Schön auch, dass das asiatische Kino immer wieder mit regelmäßigen Veröffentlichungen im deutschen Sprachraum präsent bleibt. Nach mehreren Aufführungen auf der großen Leinwand im Rahmen des Fantasy Film Fest 2017 hat man hierzulande dank Koch Media die Wahl zwischen DVD und Blu-ray.
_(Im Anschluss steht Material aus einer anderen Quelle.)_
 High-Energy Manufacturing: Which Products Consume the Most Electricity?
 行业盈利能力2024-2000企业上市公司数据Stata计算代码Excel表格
Während früher ein in Gewalt durchaus zeigefreudiger Film wie SHOCK WAVE wohl mit einer Erwachsenenfreigabe und mit zahlreichen Schnitten versehen veröffentlicht worden wäre, gibt es heutzutage eine Jugendfreigabe für die Uncut-Fassung. Über Bild und Ton können keine belastbaren Infos weitergegeben werden, da zur Besprechung lediglich ein Presse-Muster vorlag (das nicht der Qualität der regulären Verleih- und Verkaufsmedien entspricht). Die Synchronisation, soviel kann gesagt werden, ist allerdings ziemlich gut geworden. Bei Veröffentlichungen asiatischer Produktionen ein nicht zu unterschätzender Pluspunkt.